In an interview with CBB, Norman identified fundamental change in the health-care delivery system as her long-term goal: “I hope to change the hospital and health care delivery system to remove the insensitivity and cultural bias so it can hear the needs of those receiving services. And I don’t do it alone. There are a lot of other people who work with me to confront racism, sexism, classism, and homophobia—not only in health care but in social services, too.”
These goals drive the programs Norman administers as executive director at the Institute for Community Health Outreach.
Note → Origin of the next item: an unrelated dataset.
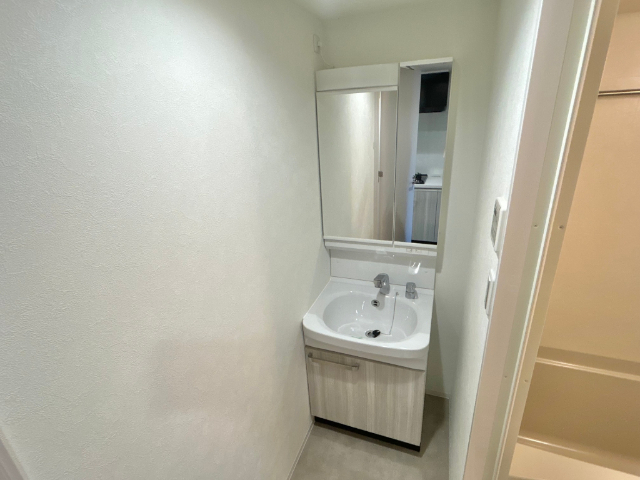 洗面設備　独立洗面化粧台です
First the institute trains community health outreach workers for the California State Office of AIDS. Next, the institute runs preventive care education programs in the community. The African American community education project, for example, focuses on self-esteem and positive behavior among youth ages 15 to 24; the institute staff conduct workshops, peer support groups, and individual and peer counseling. “We support their changing behaviors to save themselves and their community,” Norman declared in a CBB interview. In collaboration with other organizations, the institute operates two additional street outreach AIDS prevention and health care programs. These are the “3 Street Project” and Street Outreach Services, or “S.O.S.” When asked by CBB to clarify the meaning of “street outreach,” Norman explained, “That means we meet the high-risk populations—alcohol and substance abusers, the homeless, sexual workers, or just gay, lesbian, bi[sexual], and heterosexual people with multiple sex partners—wherever they are.” The bottom line in all of Norman’s work is quality. “Quality of service is above all else,” Norman confirmed in her CBB interview. “It’s my responsibility to see that we are top notch.”
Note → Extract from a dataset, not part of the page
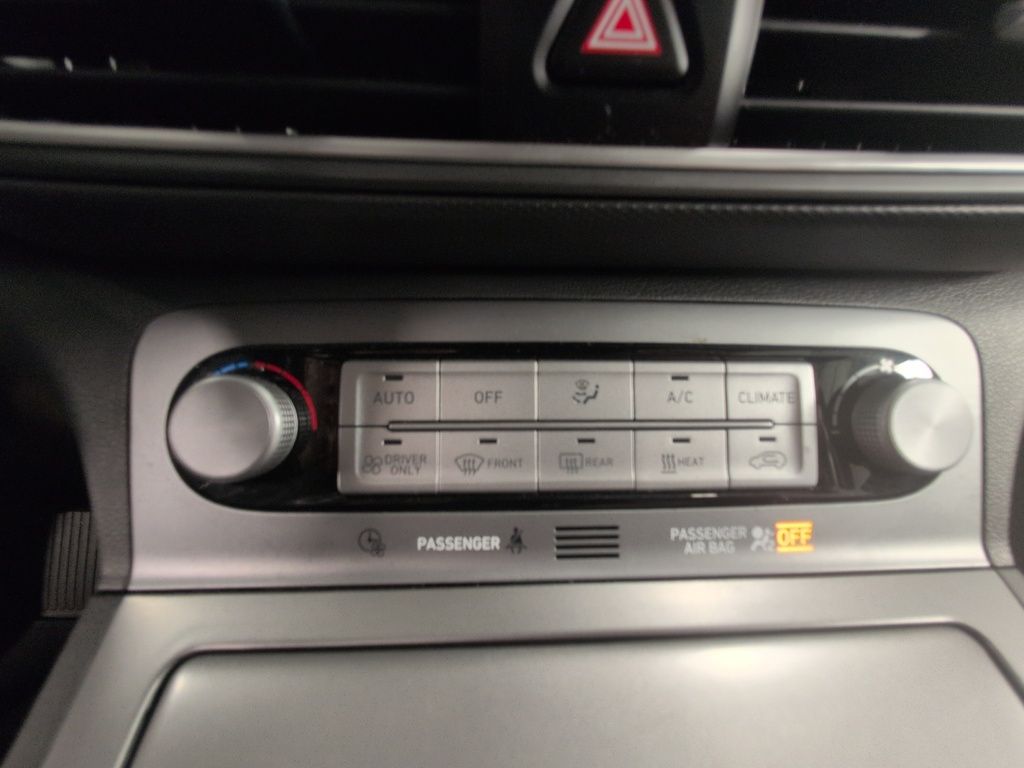 2021 Hyundai Kona Electric PREFERRED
Pat and Karen Norman became lifetime partners in 1983, raised six children, and by 1995, had seven grandchildren. Pat’s public life merged with her private life in the early 1990s, when she and Karen were featured on billboards across San Francisco in 1992. The couple modeled for an anti-defamation campaign advertisement sponsored by the Gay and Lesbian Alliance Against Defamation. Captioned “Another Traditional Family,” the billboard showed Pat Norman embracing Karen Norman, then nine months pregnant.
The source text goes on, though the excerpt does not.